** DATA RECORDS **
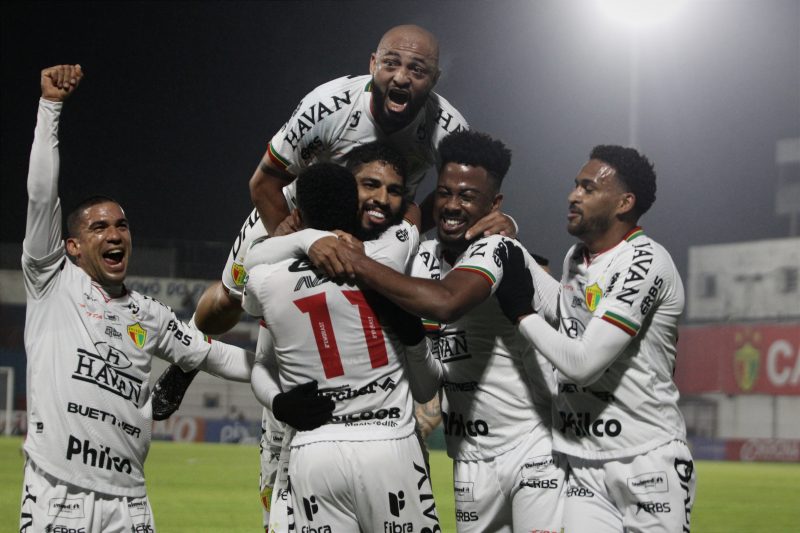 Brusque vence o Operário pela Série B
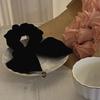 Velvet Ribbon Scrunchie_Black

* * *

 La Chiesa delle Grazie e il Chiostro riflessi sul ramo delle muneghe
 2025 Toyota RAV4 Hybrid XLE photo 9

** PROBLEM DETAILS **
The entries above hold the needed span. Transcribe exactly the lines from the one with "La Chiesa delle" to the one with "2025 Toyota RAV4 Hybrid XLE photo 9", both included.

** TASK ANSWER **
 La Chiesa delle Grazie e il Chiostro riflessi sul ramo delle muneghe
 2025 Toyota RAV4 Hybrid XLE photo 9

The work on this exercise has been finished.